The Bigger Pattern: AI Assistants Are Part of Your Attack Surface
The real lesson of SearchLeak is that AI assistants are now part of your attack surface and need to be governed as such. Varonis noted that SearchLeak follows the same pattern as its earlier Reprompt attack on Copilot Personal and the 2025 EchoLeak zero-click flaw (CVE-2025-32711). The new ingredient in all of them is prompt injection, which revives old web attack classes like server-side request forgery and sanitizer races by making them reachable through an AI.
For CRE leaders, the takeaway is not to abandon AI; the productivity case is too strong, and adoption across the industry keeps climbing.

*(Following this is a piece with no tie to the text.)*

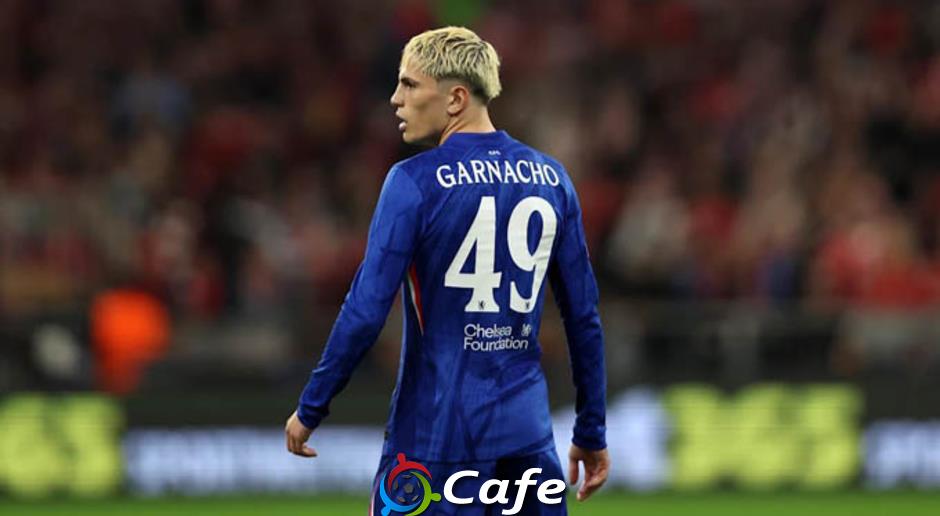 Garnacho gây thất vọng trong trận đầu đá chính ở Chelsea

The takeaway is that the same diligence you apply to a tenant, a lender, or a counterparty now applies to the AI tools embedded in your operations. Ask how they fail, who discloses problems, and what data they can touch. CRE investors who want hands-on help evaluating and governing their AI stack can connect with Avi Hacker, J.D. at The AI Consulting Network, which specializes in exactly this.
Frequently Asked Questions
Q: Do I need to do anything to fix the Microsoft Copilot SearchLeak flaw?

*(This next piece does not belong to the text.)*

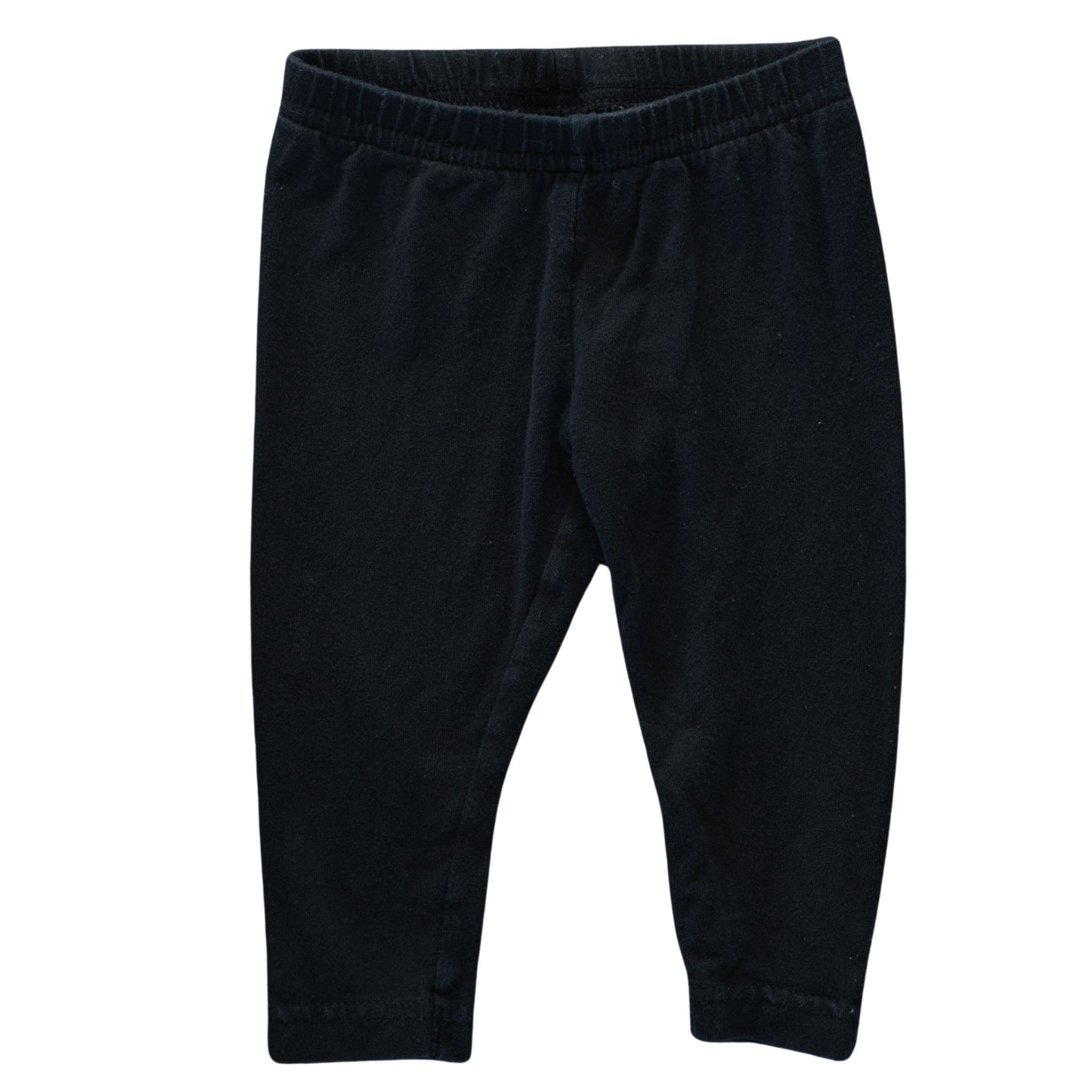 Baby Carter's - Pantalón largo negro - Niña - 6m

A: No direct action is required. Microsoft mitigated SearchLeak (CVE-2026-42824) server-side, so all Copilot-enabled tenants were protected without a client-side patch. The right follow-up is to review how your firm governs and monitors AI assistant access to sensitive data.
Q: Was any commercial real estate data actually stolen through SearchLeak?

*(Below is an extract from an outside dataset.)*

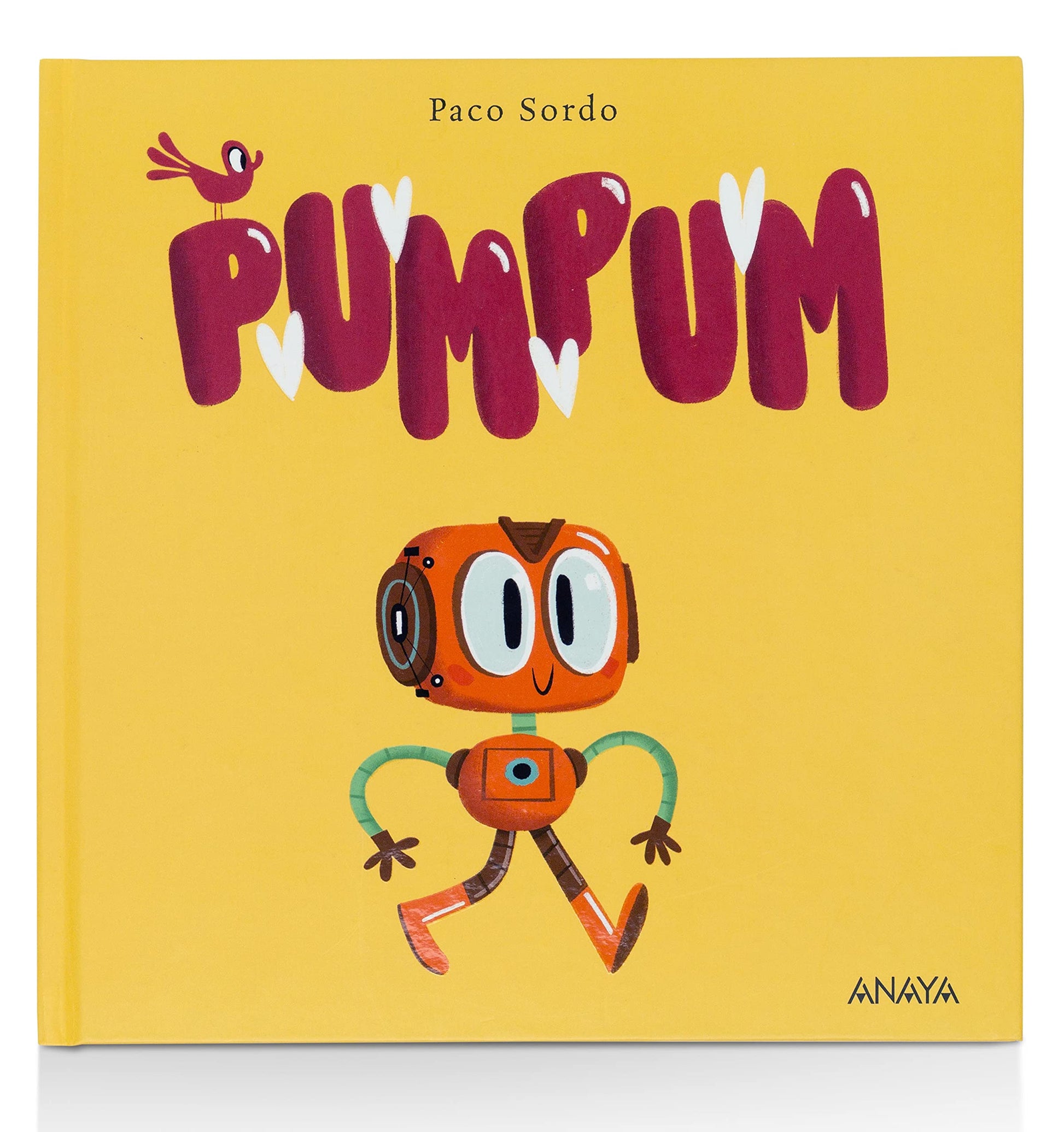 Libro: Pum Pum (PRIMEROS LECTORES - Álbum ilustrado)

A: There is no evidence of real-world exploitation. Varonis disclosed a proof-of-concept after Microsoft had patched the flaw, and reported no observed attacks in the wild. The risk was the potential exposure of email, calendar, SharePoint, and OneDrive data had it been exploited.
Q: Should CRE firms stop using Microsoft 365 Copilot?
A: No. The flaw is patched, and the productivity benefits remain significant. The prudent response is to apply least-privilege access, scope data loss prevention to AI activity, and add AI tools to your vendor due diligence, rather than abandoning the tool.
Q: What does SearchLeak teach about AI governance for real estate?
A: It shows that AI assistants are part of your attack surface. Any tool that can read your emails, files, and deal documents needs the same diligence you apply to other counterparties, including questions about prompt injection defenses, data access scope, and incident disclosure.